- WHAT THE TASK REQUIRES
Shown below are entries with pictures; the line with "after breast augmentation" through the line with "Trigger Point Dry Needling by Jan Dommerholt" is the span to retype exactly, and the pictures stay out.

- DATASET RECORDS
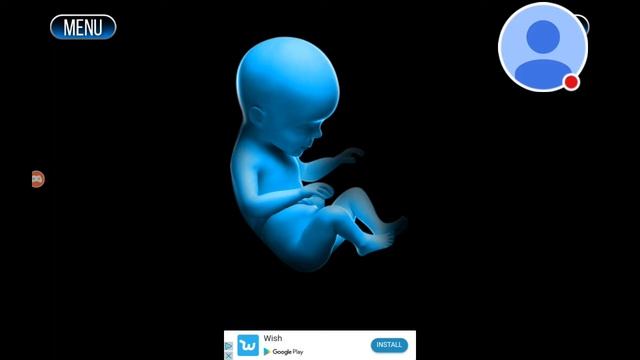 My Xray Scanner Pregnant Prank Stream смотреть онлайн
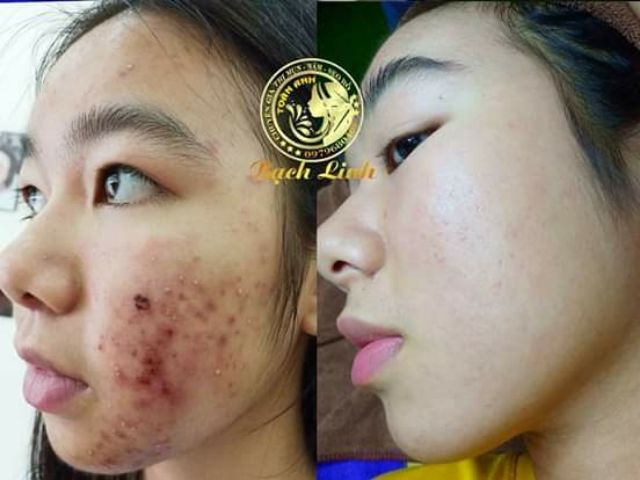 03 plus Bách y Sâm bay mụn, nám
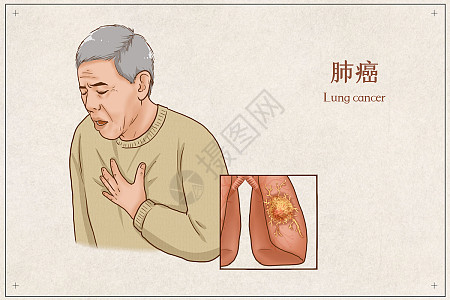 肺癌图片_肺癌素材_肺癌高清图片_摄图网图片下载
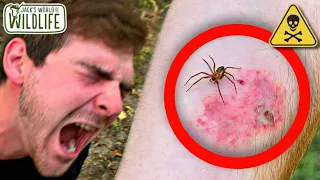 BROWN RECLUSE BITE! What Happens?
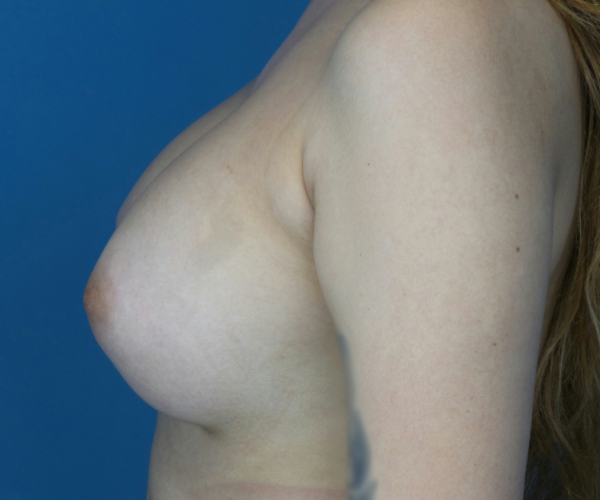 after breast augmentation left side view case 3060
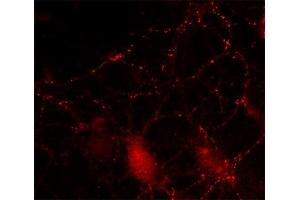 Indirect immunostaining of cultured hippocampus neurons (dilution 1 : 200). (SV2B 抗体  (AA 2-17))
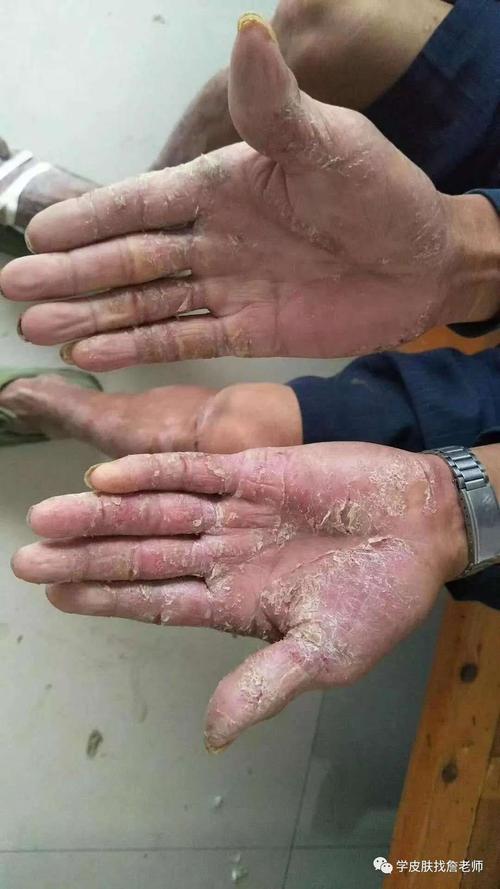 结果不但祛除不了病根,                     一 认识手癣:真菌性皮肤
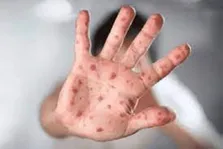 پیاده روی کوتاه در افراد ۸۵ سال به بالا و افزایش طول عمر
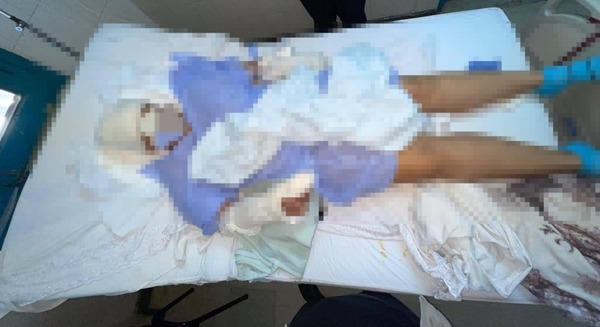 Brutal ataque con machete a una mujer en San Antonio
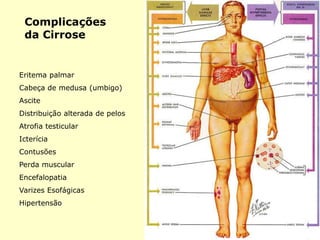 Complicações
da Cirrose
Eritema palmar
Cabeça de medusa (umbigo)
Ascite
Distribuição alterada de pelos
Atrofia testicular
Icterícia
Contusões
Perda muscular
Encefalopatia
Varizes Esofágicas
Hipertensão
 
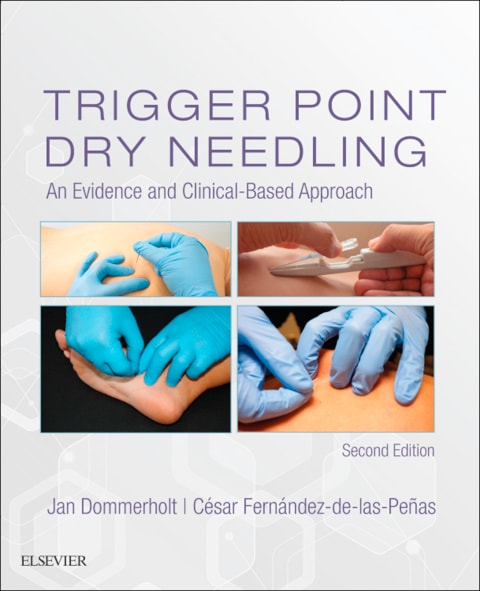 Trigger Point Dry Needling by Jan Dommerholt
--
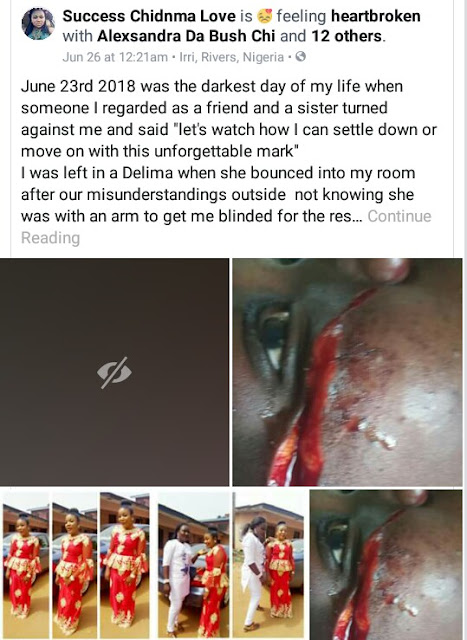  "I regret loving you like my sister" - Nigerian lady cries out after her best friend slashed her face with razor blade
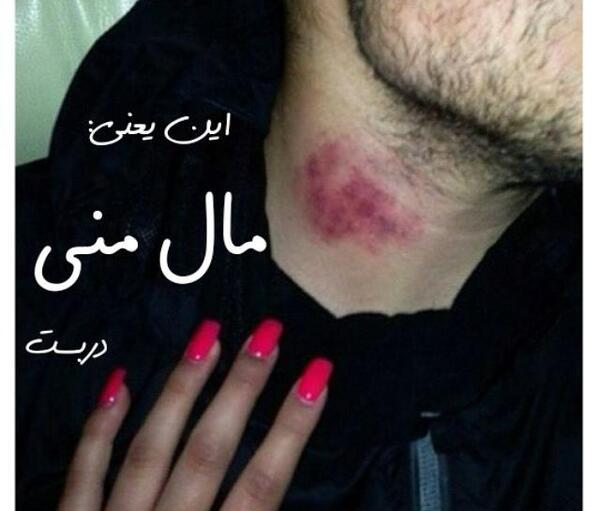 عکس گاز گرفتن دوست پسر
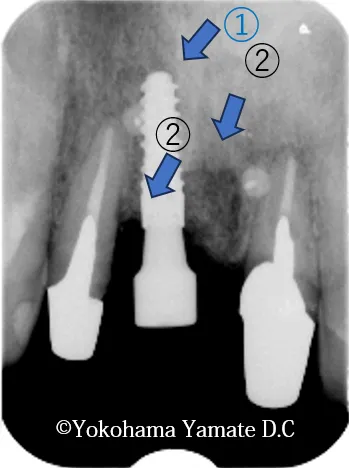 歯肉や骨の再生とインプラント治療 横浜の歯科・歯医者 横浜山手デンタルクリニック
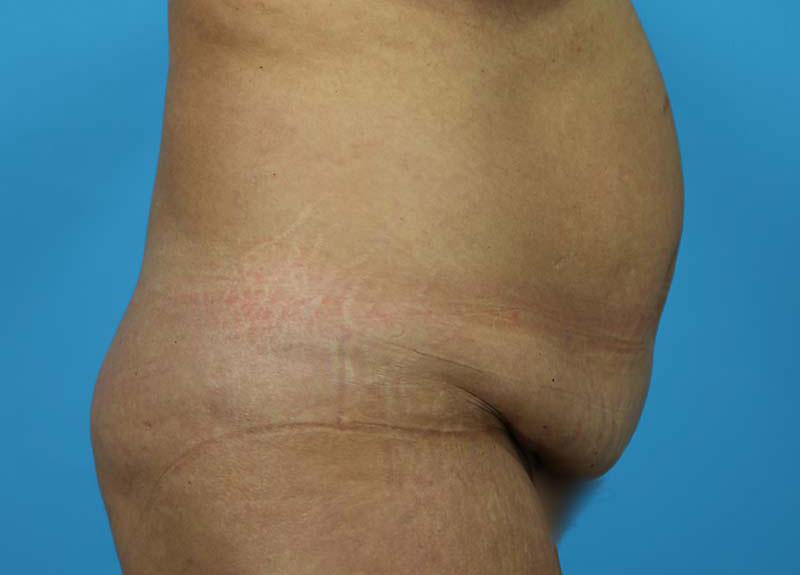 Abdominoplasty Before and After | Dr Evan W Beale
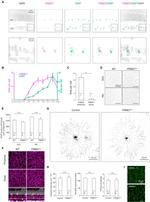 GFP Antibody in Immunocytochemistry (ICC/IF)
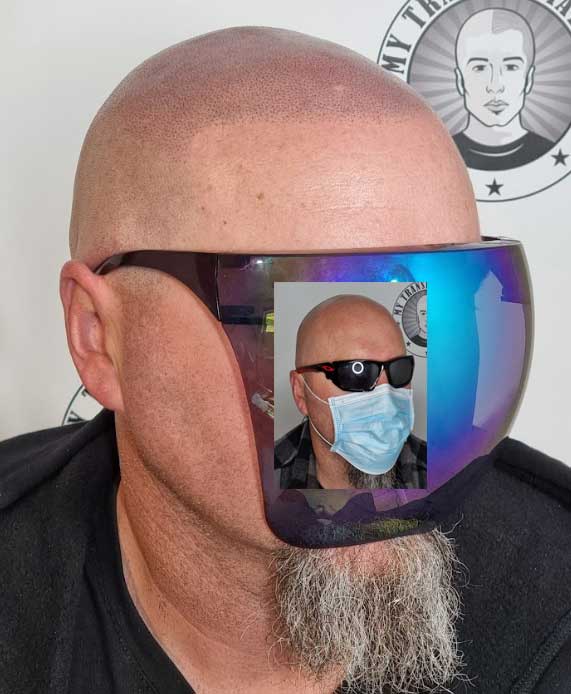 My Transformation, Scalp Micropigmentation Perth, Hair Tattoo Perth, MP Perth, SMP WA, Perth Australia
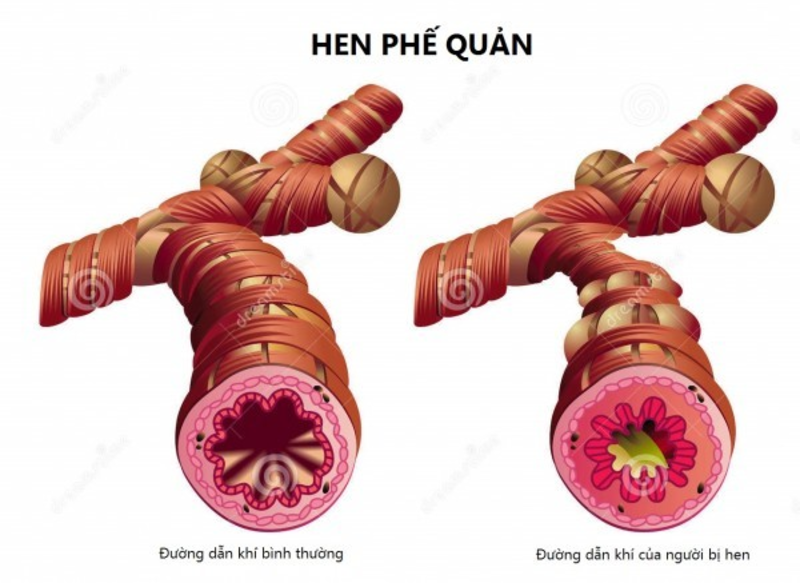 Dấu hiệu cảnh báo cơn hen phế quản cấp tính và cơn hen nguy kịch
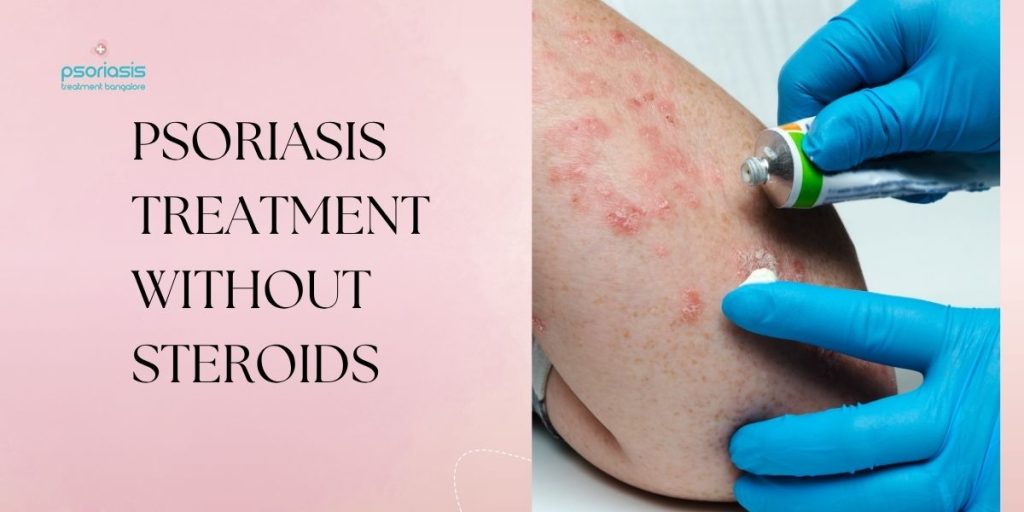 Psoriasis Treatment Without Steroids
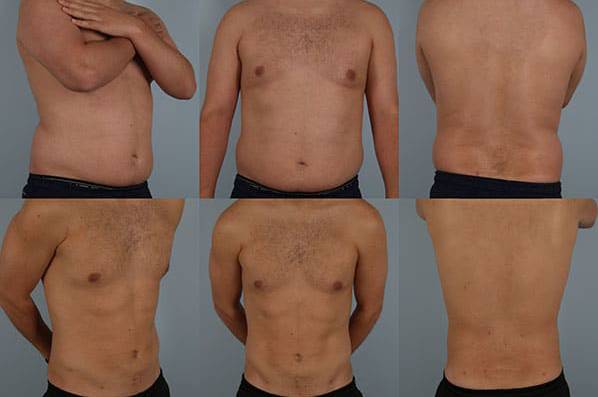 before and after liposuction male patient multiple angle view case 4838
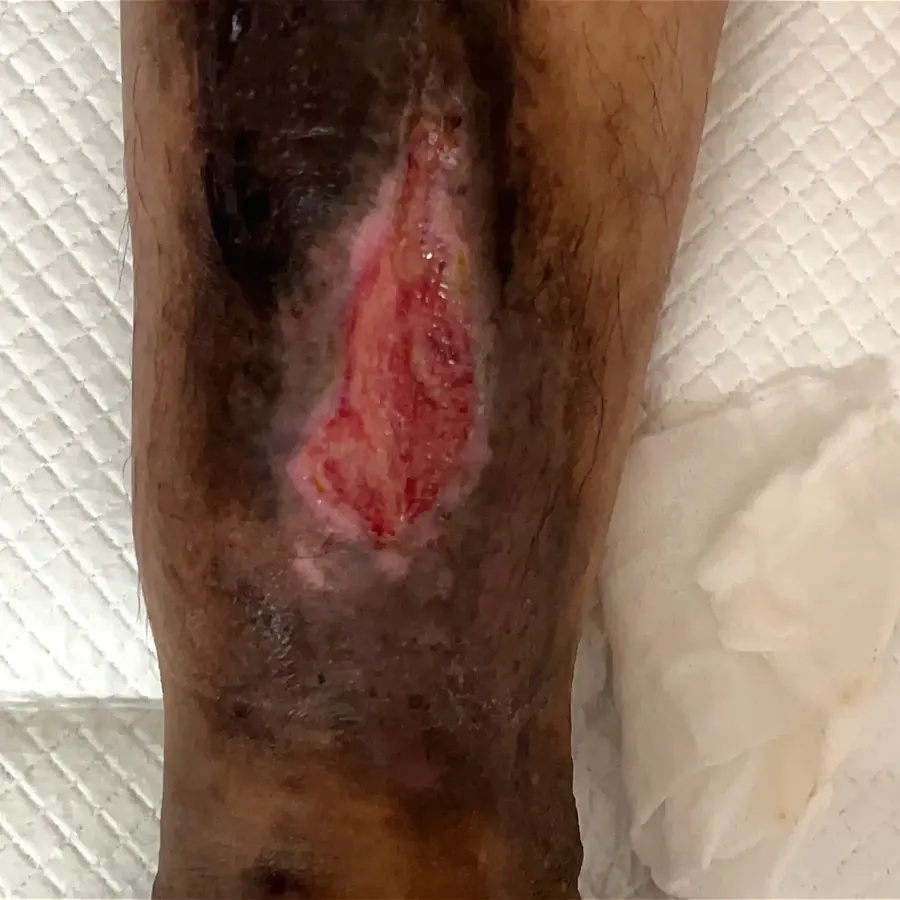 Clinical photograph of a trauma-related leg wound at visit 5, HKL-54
* * *
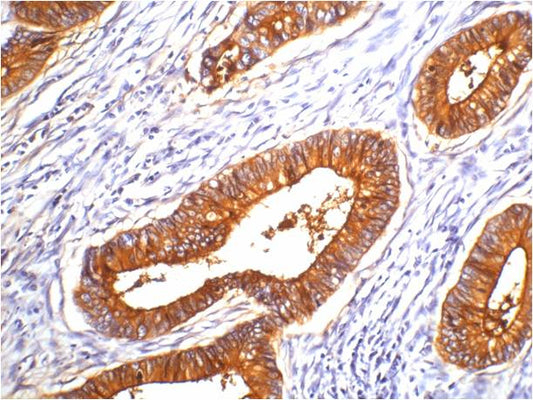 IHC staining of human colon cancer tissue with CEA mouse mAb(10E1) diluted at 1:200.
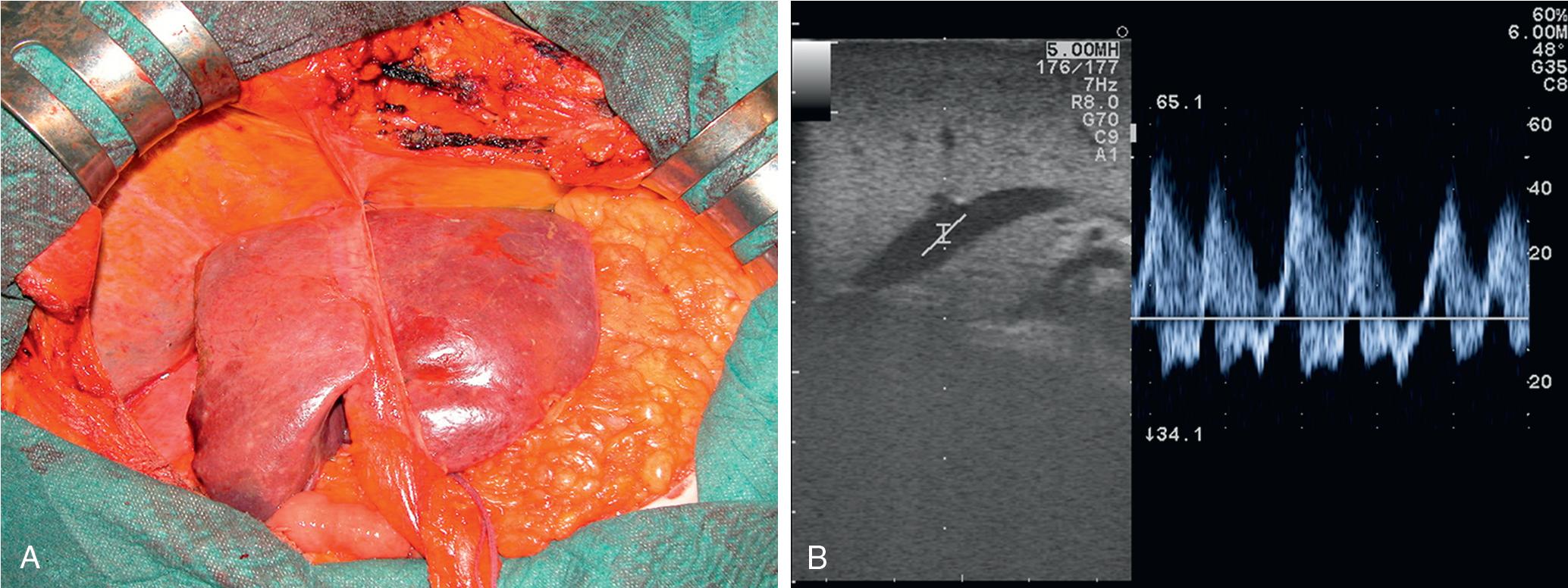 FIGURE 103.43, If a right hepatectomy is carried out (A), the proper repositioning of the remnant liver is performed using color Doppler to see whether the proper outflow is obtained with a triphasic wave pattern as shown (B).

- ANSWER SECTION
 after breast augmentation left side view case 3060
 Indirect immunostaining of cultured hippocampus neurons (dilution 1 : 200). (SV2B 抗体  (AA 2-17))
 结果不但祛除不了病根,                     一 认识手癣:真菌性皮肤
 پیاده روی کوتاه در افراد ۸۵ سال به بالا و افزایش طول عمر
 Brutal ataque con machete a una mujer en San Antonio
 Complicações
da Cirrose
Eritema palmar
Cabeça de medusa (umbigo)
Ascite
Distribuição alterada de pelos
Atrofia testicular
Icterícia
Contusões
Perda muscular
Encefalopatia
Varizes Esofágicas
Hipertensão
 
 Trigger Point Dry Needling by Jan Dommerholt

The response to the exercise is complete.